Each line below should be repeated exactly, but no picture should be carried over.
BEGIN Records supplied
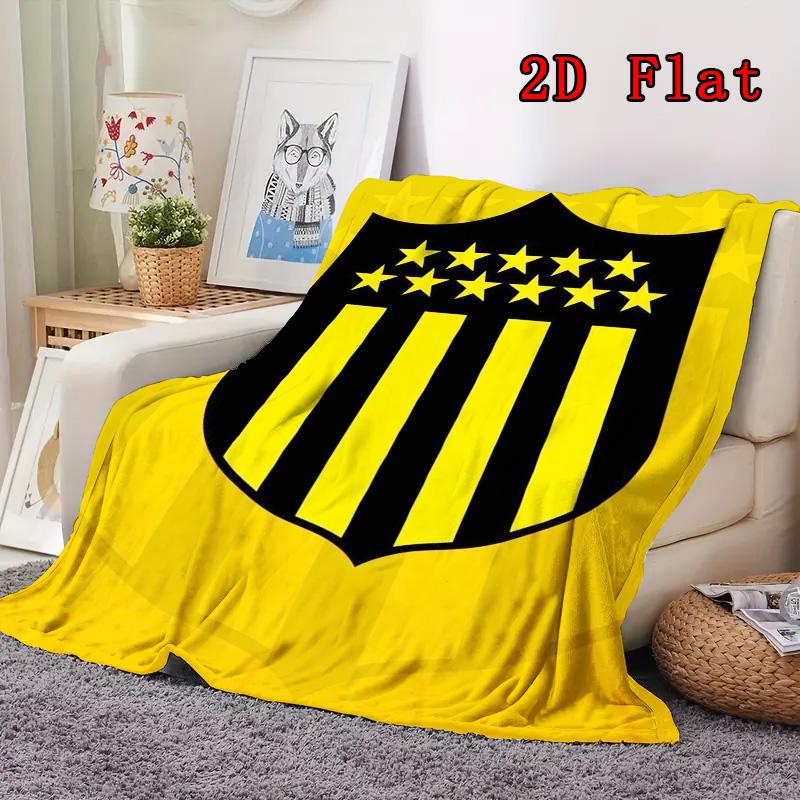 Peñarol football 2D Flat Pattern Flannel Blanket High quality All Seasons Warmth and Comfort Perfect for Christmas Gifts.MMT0918448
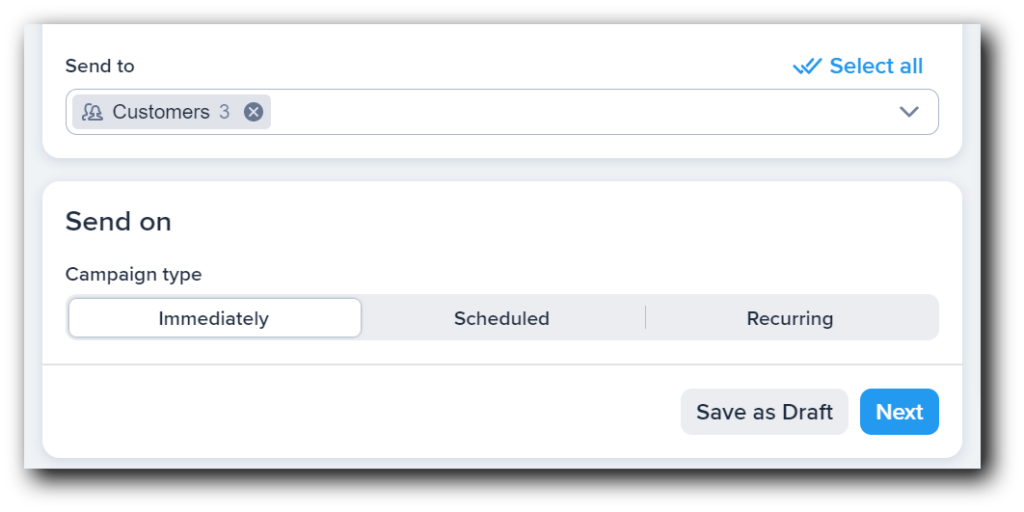 Options for sending or scheduling your campaign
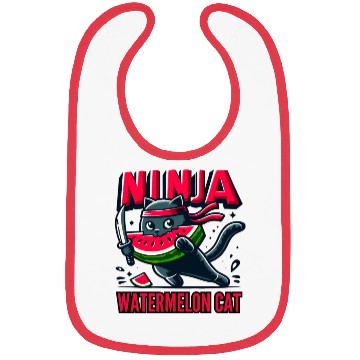 Discover Ninja Cat Watermelon Swordplay Bibs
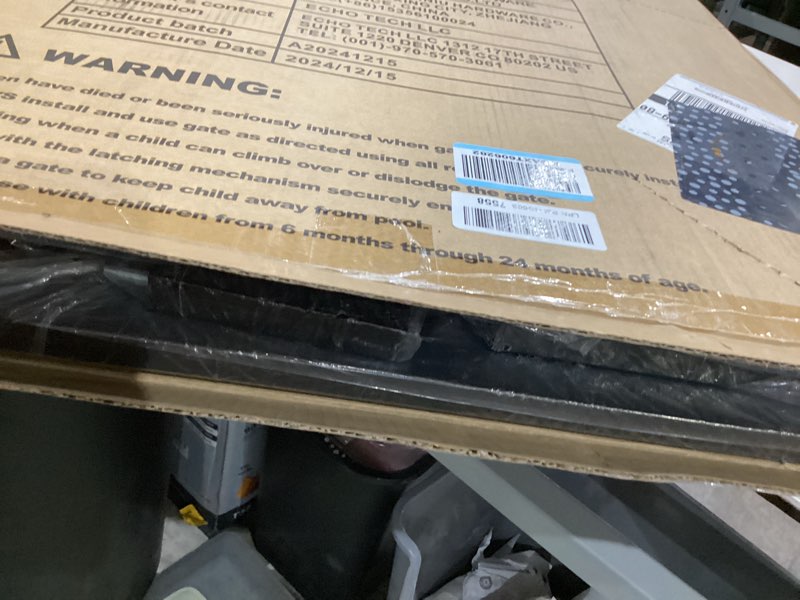 Condition photo showing New/Like New for fairy baby 53.1"-62.5" extra wide baby gates for stairs & doorways, pressure mounted baby safety child gate no drill, long dog gate with door walk thru, metal auto close large pet gate indoor, black black 53.1"-62.5"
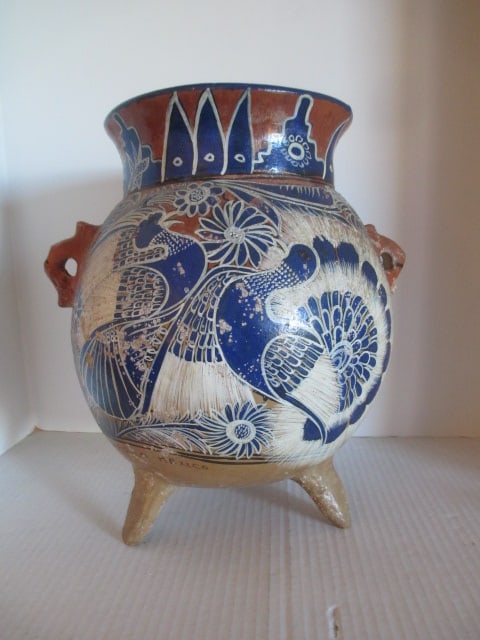 Mexican Pottery Handpainted Peacock Design Footed Vessel (1 of 13)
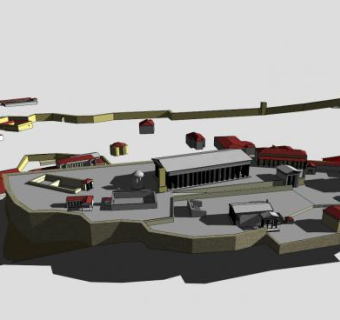 古雅典城镇房屋SU模型下载_sketchup草图大师SKP模型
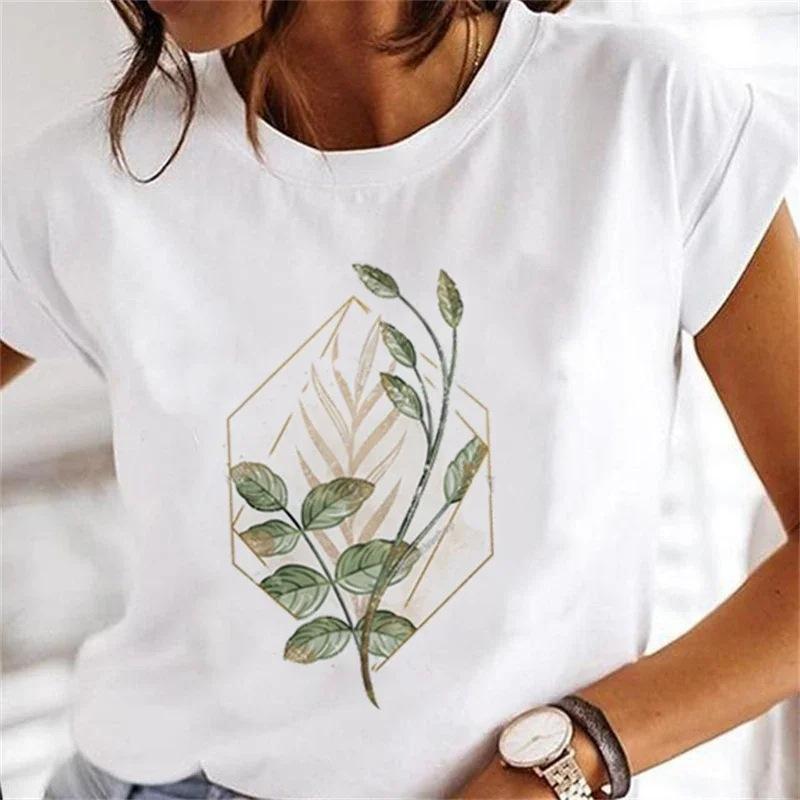 Women's Floral Plant Crew Neck Large Size Short Sleeve T-Shirt Women's Top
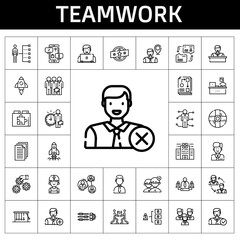 Wall Mural - teamwork icon set. line icon style. teamwork related icons such as settings, workflow, team, employee, analysis, people, newtons cradle, skills, clerk, help, teamwork, add user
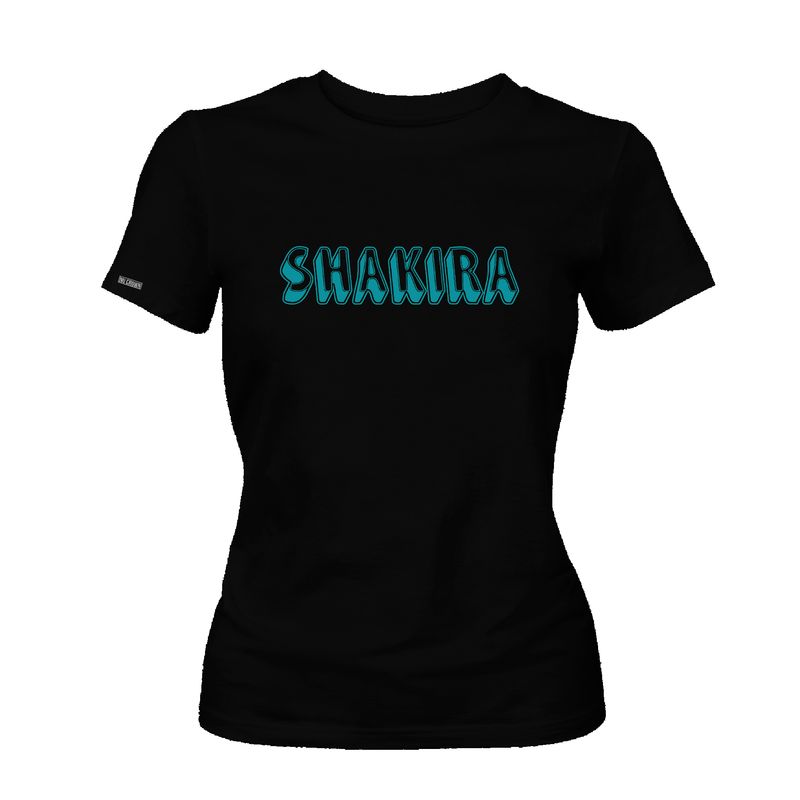CREACIONES NU CROWN - Camiseta Dama Shakira Logo Negra Original Nu Crown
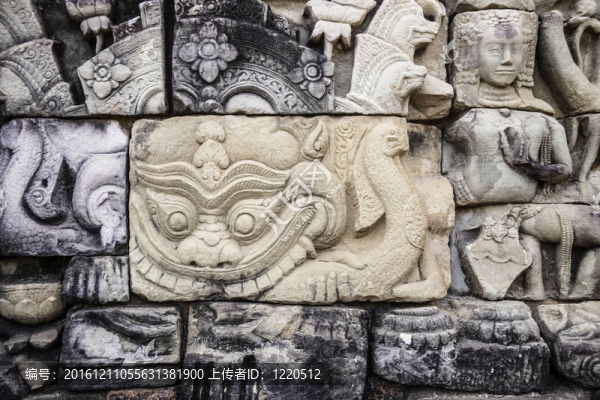 吳哥窟古代石刻。柬埔寨.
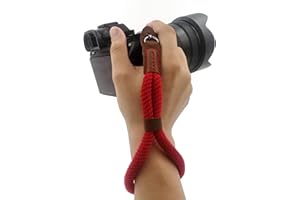 BENOPINION Comfortable Cotton Camera Hand Wrist Strap Rope Compatible for Sony Fujifilm ILCE Nikon DSLR Mirrorless Cameras Safety Tether (Red)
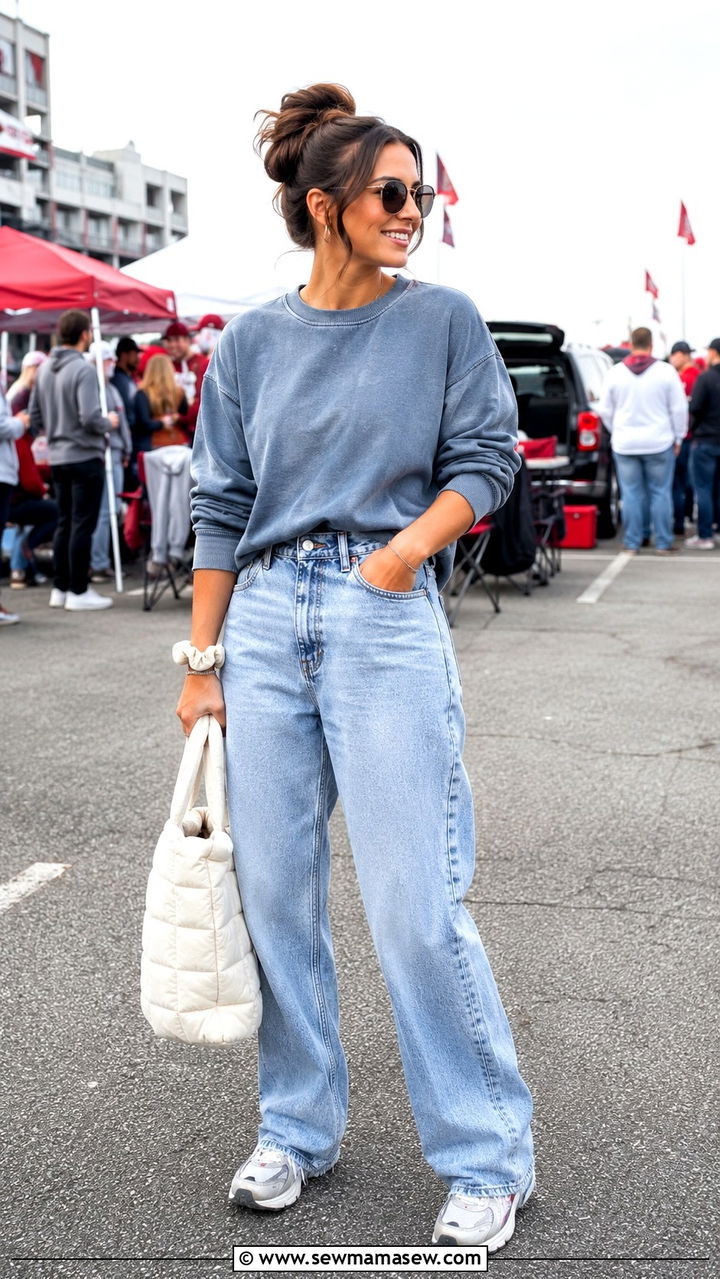 Tailgate outfit with jeans and crewneck sweatshirt - 30 Tailgate outfit ideas with jeans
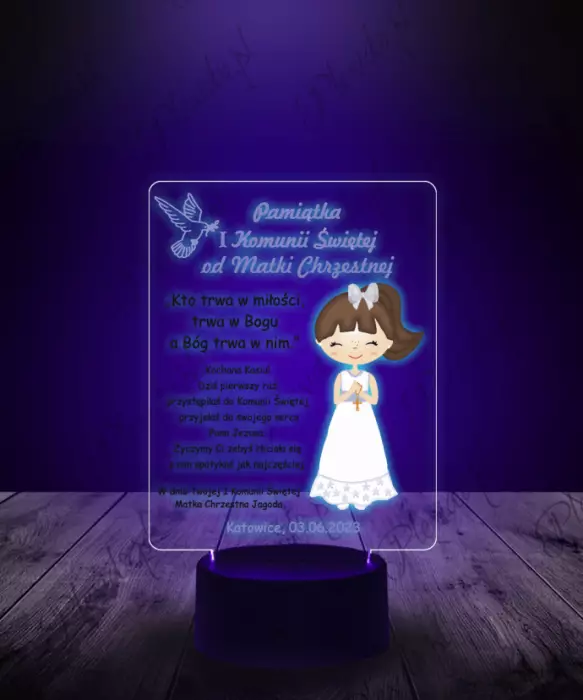 Lampka LED Plexido Komunia Święta Pamiątka Dla Dziewczynki - 1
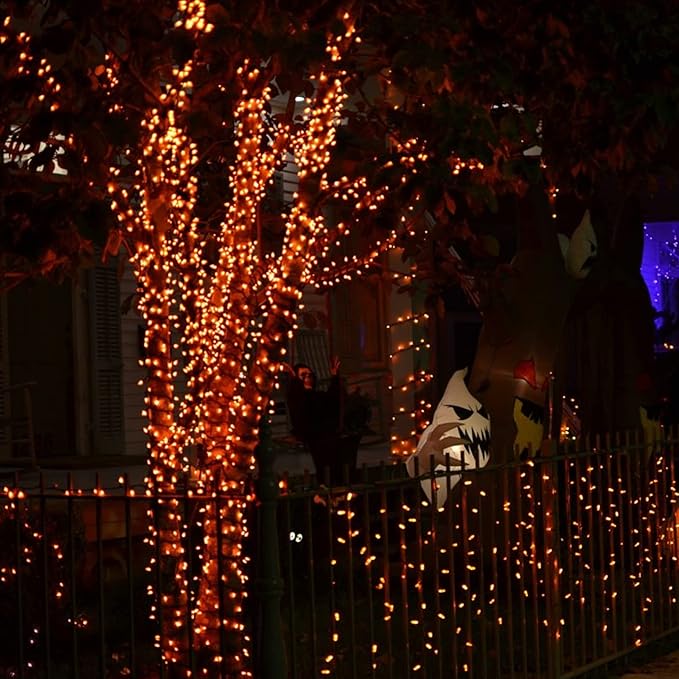 Dazzle Bright Halloween Fairy String Lights, 20 FT 60 LED Copper Wire Battery Operated Waterproof Lights, Halloween Decorations for Indoor Home Outdoor Garden Patio Yard Party Decor (Orange)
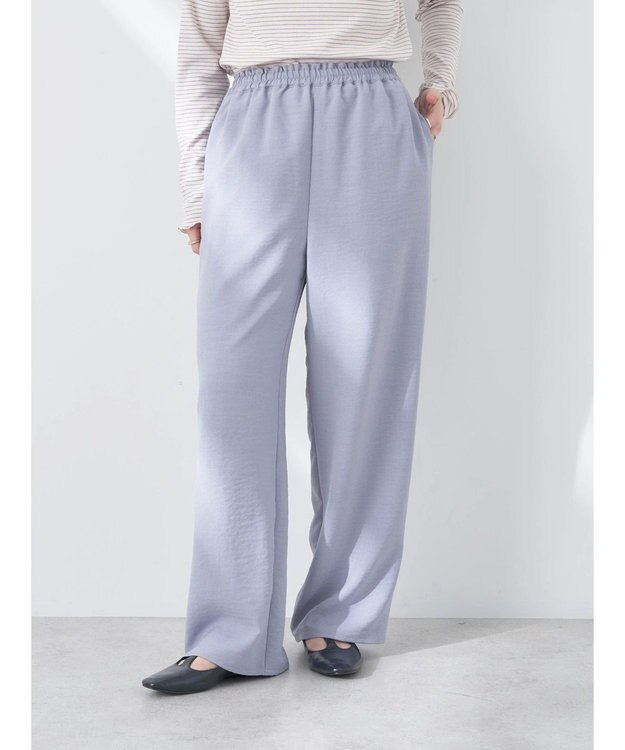 earth music&ecology ギャザーパンツ Grayish Blue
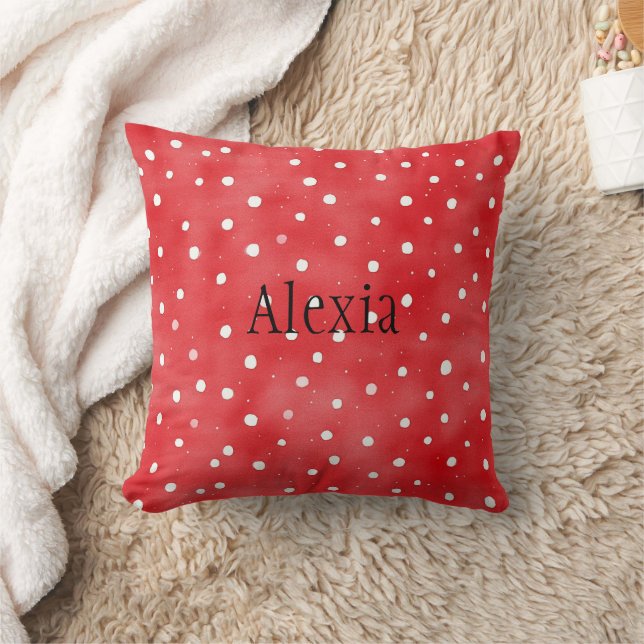 Red White Dots Cushion (Blanket)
END Records supplied
=== Response to the exercise ===
 Peñarol football 2D Flat Pattern Flannel Blanket High quality All Seasons Warmth and Comfort Perfect for Christmas Gifts.MMT0918448
 Options for sending or scheduling your campaign
 Discover Ninja Cat Watermelon Swordplay Bibs
 Condition photo showing New/Like New for fairy baby 53.1"-62.5" extra wide baby gates for stairs & doorways, pressure mounted baby safety child gate no drill, long dog gate with door walk thru, metal auto close large pet gate indoor, black black 53.1"-62.5"
 Mexican Pottery Handpainted Peacock Design Footed Vessel (1 of 13)
 古雅典城镇房屋SU模型下载_sketchup草图大师SKP模型
 Women's Floral Plant Crew Neck Large Size Short Sleeve T-Shirt Women's Top
 Wall Mural - teamwork icon set. line icon style. teamwork related icons such as settings, workflow, team, employee, analysis, people, newtons cradle, skills, clerk, help, teamwork, add user
CREACIONES NU CROWN - Camiseta Dama Shakira Logo Negra Original Nu Crown
 吳哥窟古代石刻。柬埔寨.
 BENOPINION Comfortable Cotton Camera Hand Wrist Strap Rope Compatible for Sony Fujifilm ILCE Nikon DSLR Mirrorless Cameras Safety Tether (Red)
 Tailgate outfit with jeans and crewneck sweatshirt - 30 Tailgate outfit ideas with jeans
 Lampka LED Plexido Komunia Święta Pamiątka Dla Dziewczynki - 1
 Dazzle Bright Halloween Fairy String Lights, 20 FT 60 LED Copper Wire Battery Operated Waterproof Lights, Halloween Decorations for Indoor Home Outdoor Garden Patio Yard Party Decor (Orange)
 earth music&ecology ギャザーパンツ Grayish Blue
 Red White Dots Cushion (Blanket)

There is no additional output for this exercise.